▸ **Assigned task**: Repeat precisely the span of lines below that opens with the line containing "桓台专业修沙发 - 图片 2" and closes with the line containing "第91话 色诱你 第19页", both included.

#### Data shown

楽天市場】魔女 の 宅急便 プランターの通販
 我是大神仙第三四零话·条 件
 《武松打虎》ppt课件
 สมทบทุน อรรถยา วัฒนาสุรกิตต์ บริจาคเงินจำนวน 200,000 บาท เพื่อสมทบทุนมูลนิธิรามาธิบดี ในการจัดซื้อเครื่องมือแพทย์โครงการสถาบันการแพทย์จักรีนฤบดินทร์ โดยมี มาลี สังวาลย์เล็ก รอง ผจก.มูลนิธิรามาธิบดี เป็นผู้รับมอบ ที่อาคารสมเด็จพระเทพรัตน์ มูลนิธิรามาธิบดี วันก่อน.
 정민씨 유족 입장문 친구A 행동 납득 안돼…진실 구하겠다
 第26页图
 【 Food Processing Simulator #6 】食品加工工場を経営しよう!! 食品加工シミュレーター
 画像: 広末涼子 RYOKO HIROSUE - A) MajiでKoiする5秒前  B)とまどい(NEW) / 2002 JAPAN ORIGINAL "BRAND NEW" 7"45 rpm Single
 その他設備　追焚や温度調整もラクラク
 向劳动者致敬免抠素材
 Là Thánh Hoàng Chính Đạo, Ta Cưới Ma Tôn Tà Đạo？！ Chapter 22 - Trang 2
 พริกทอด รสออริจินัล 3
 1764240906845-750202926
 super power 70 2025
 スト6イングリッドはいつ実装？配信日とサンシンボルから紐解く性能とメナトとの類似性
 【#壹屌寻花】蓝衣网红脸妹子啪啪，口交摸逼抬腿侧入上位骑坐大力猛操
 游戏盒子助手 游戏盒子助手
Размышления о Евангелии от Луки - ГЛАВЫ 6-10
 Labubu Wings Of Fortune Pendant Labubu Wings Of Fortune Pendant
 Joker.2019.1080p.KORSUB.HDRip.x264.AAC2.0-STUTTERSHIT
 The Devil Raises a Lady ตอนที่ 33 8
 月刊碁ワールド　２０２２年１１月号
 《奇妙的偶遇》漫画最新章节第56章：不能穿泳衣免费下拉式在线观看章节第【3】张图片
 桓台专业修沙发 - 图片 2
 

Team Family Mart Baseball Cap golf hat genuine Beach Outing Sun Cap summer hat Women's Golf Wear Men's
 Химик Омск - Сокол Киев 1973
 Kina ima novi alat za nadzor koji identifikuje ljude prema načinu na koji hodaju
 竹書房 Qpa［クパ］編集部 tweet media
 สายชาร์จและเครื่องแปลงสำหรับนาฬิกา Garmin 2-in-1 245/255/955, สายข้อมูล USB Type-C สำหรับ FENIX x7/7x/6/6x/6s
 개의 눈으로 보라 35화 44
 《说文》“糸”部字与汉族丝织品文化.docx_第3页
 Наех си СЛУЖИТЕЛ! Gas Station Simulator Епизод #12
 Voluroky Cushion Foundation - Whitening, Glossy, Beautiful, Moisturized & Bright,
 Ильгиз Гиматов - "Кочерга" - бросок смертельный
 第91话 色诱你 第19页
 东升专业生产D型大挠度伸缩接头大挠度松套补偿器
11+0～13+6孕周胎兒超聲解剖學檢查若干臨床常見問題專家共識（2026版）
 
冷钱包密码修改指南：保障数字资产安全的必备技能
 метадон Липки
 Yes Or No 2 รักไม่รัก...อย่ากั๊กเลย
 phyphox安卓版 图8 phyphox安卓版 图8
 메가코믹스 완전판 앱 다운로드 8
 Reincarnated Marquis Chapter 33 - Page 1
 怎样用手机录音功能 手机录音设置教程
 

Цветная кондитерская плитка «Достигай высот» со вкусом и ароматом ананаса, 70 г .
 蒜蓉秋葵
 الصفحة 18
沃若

########

▸ **Result**:
 桓台专业修沙发 - 图片 2
 

Team Family Mart Baseball Cap golf hat genuine Beach Outing Sun Cap summer hat Women's Golf Wear Men's
 Химик Омск - Сокол Киев 1973
 Kina ima novi alat za nadzor koji identifikuje ljude prema načinu na koji hodaju
 竹書房 Qpa［クパ］編集部 tweet media
 สายชาร์จและเครื่องแปลงสำหรับนาฬิกา Garmin 2-in-1 245/255/955, สายข้อมูล USB Type-C สำหรับ FENIX x7/7x/6/6x/6s
 개의 눈으로 보라 35화 44
 《说文》“糸”部字与汉族丝织品文化.docx_第3页
 Наех си СЛУЖИТЕЛ! Gas Station Simulator Епизод #12
 Voluroky Cushion Foundation - Whitening, Glossy, Beautiful, Moisturized & Bright,
 Ильгиз Гиматов - "Кочерга" - бросок смертельный
 第91话 色诱你 第19页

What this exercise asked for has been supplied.